REQUIRED WORK
Which lines belong in your copy? Those from the start of the data through the line with "Bedroom with wood", exactly as written, without any pictures.

Pictures with short captions
= Beginning of Section =

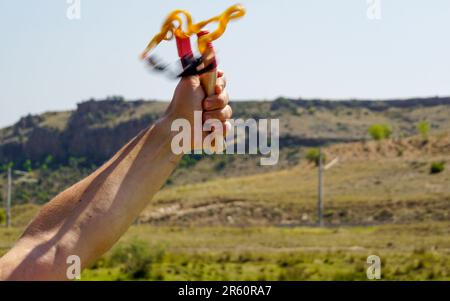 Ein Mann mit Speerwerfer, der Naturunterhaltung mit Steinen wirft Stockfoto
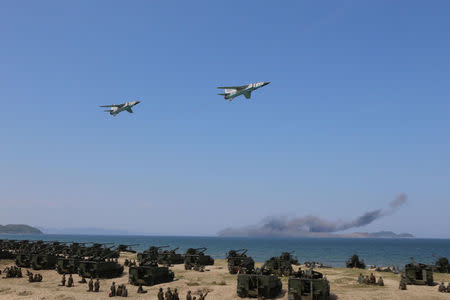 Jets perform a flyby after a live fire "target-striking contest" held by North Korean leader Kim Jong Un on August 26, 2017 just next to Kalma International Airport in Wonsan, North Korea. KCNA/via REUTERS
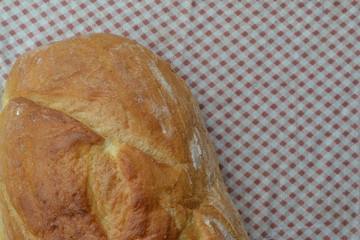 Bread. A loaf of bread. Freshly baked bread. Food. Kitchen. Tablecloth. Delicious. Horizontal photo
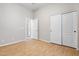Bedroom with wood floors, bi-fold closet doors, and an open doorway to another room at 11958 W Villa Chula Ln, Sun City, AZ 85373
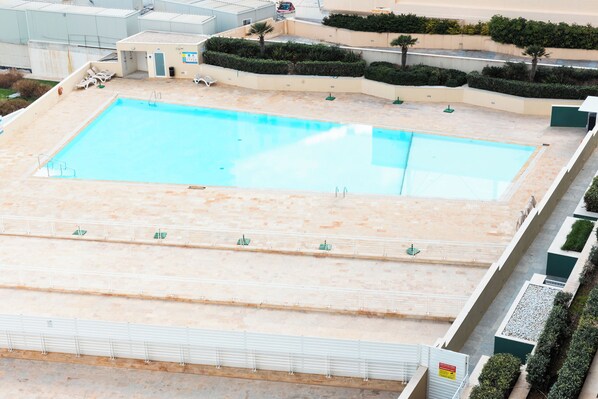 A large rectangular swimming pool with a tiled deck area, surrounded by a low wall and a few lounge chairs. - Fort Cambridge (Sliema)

= End of Section =

TASK RESULT
 Ein Mann mit Speerwerfer, der Naturunterhaltung mit Steinen wirft Stockfoto
 Jets perform a flyby after a live fire "target-striking contest" held by North Korean leader Kim Jong Un on August 26, 2017 just next to Kalma International Airport in Wonsan, North Korea. KCNA/via REUTERS
 Bread. A loaf of bread. Freshly baked bread. Food. Kitchen. Tablecloth. Delicious. Horizontal photo
Bedroom with wood floors, bi-fold closet doors, and an open doorway to another room at 11958 W Villa Chula Ln, Sun City, AZ 85373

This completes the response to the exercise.